#### Assigned task:
Please, without any pictures, set down exactly the part of the listing below that opens with the line containing "Saints44.jpg Aston Villa" and closes with the line containing "China Brass Pull".

#### Source information:
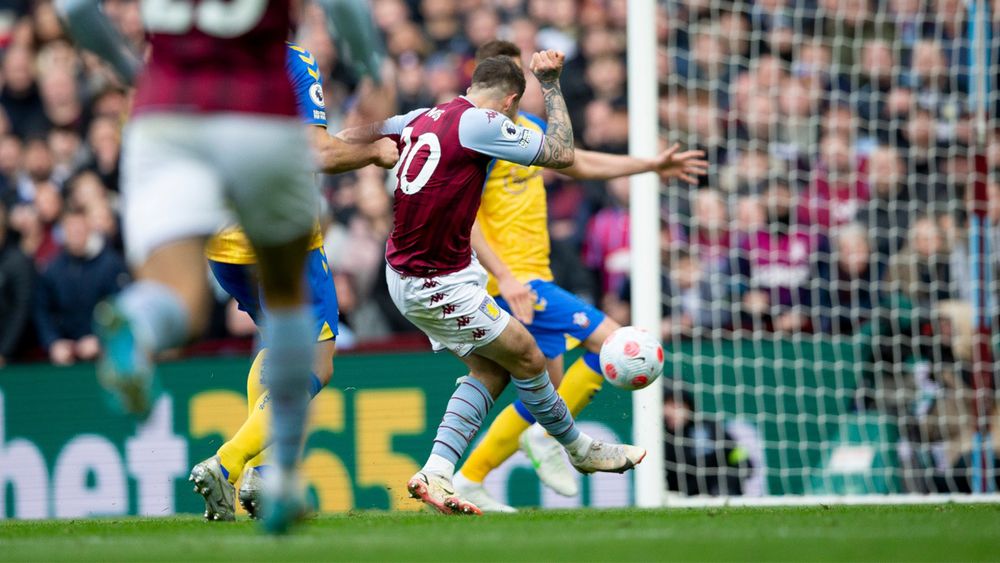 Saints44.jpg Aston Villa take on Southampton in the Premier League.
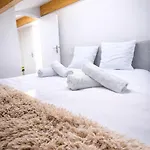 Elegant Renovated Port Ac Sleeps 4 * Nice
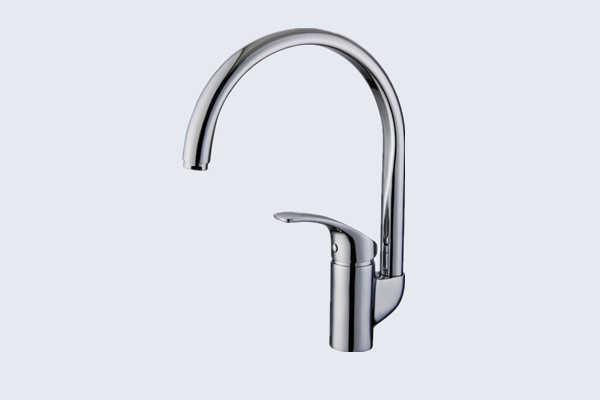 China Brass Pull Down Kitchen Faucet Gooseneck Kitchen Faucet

...

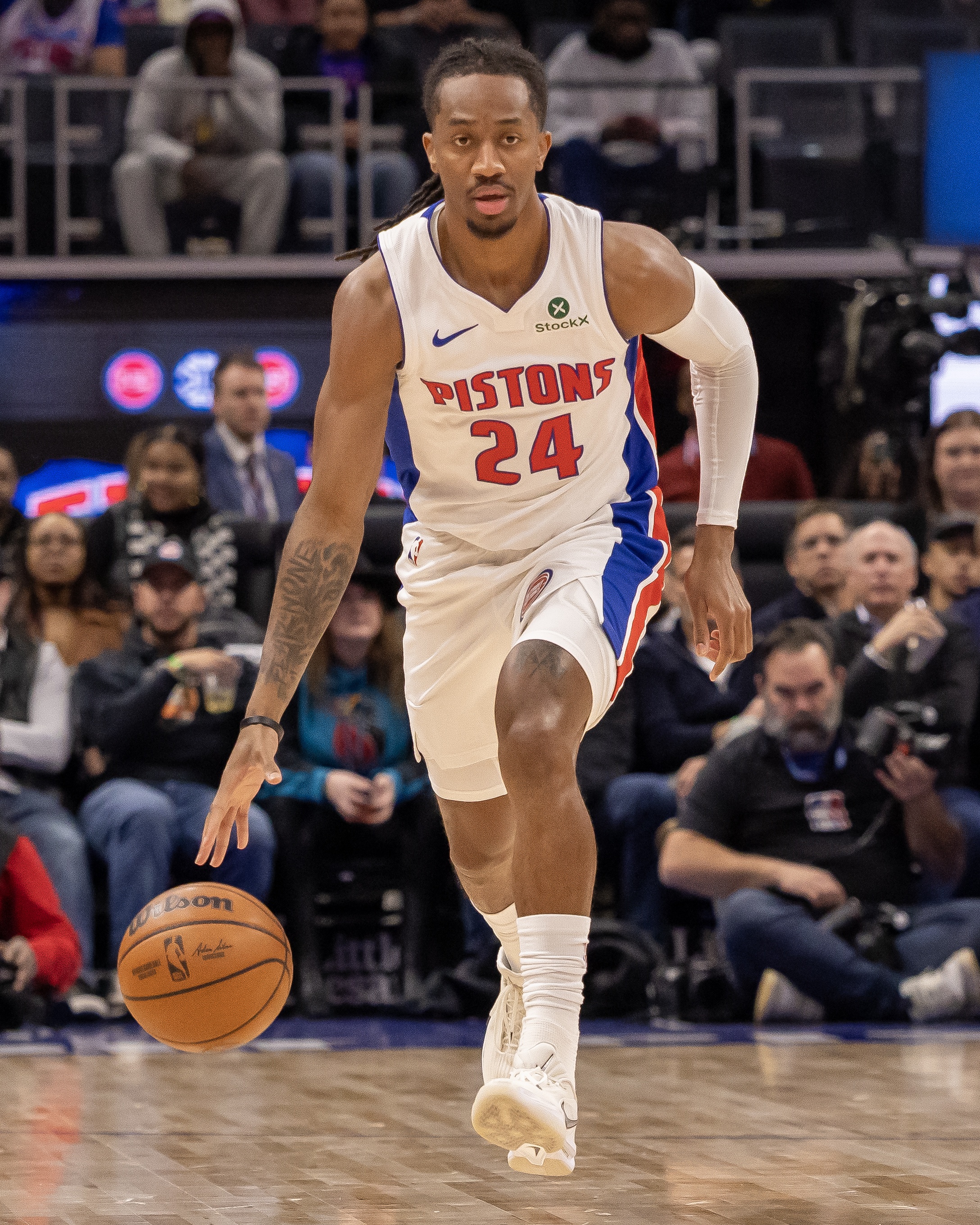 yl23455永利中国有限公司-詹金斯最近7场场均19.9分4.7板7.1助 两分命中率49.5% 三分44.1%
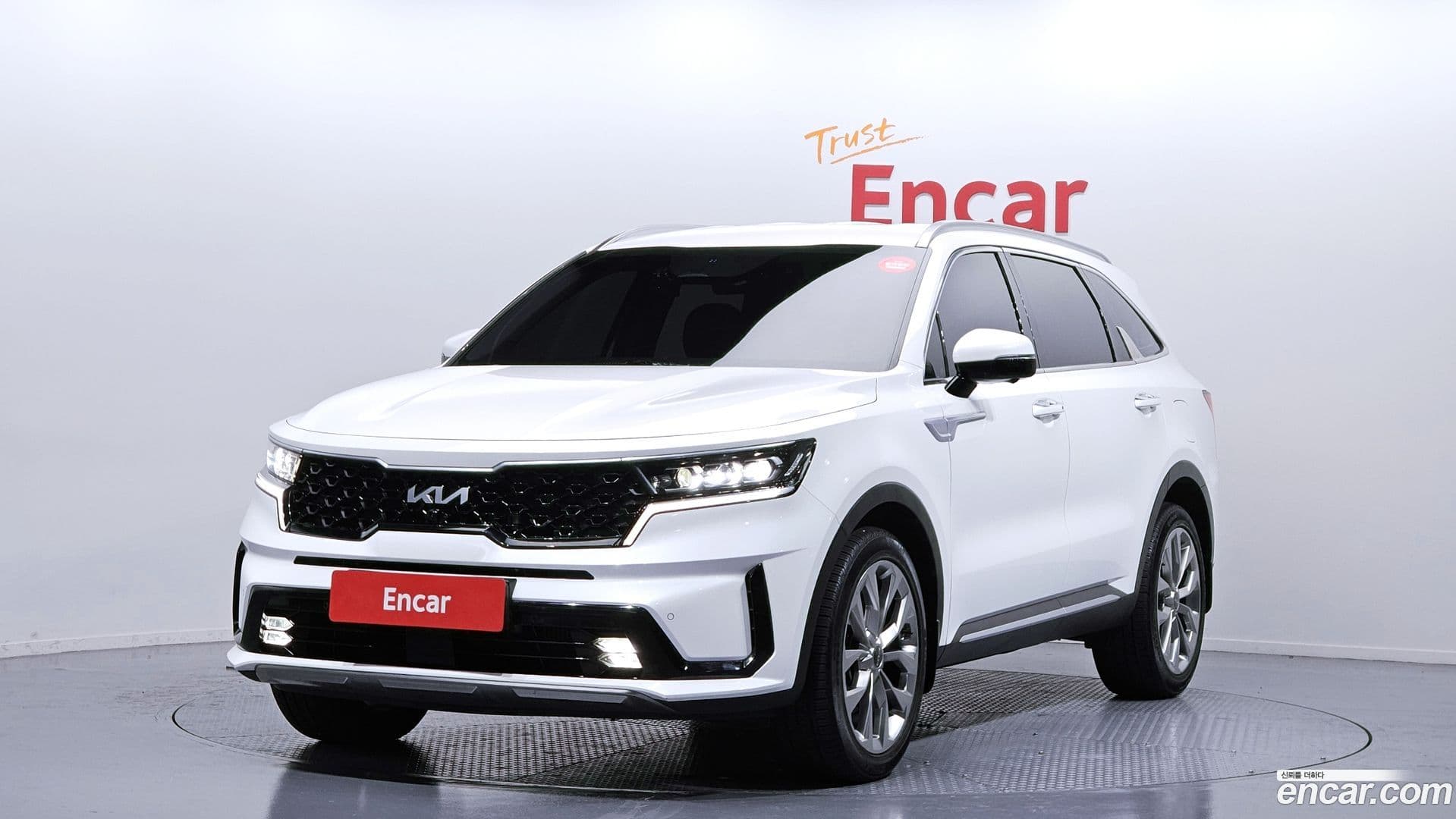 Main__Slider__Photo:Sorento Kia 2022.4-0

#### Worked solution:
 Saints44.jpg Aston Villa take on Southampton in the Premier League.
 Elegant Renovated Port Ac Sleeps 4 * Nice
 China Brass Pull Down Kitchen Faucet Gooseneck Kitchen Faucet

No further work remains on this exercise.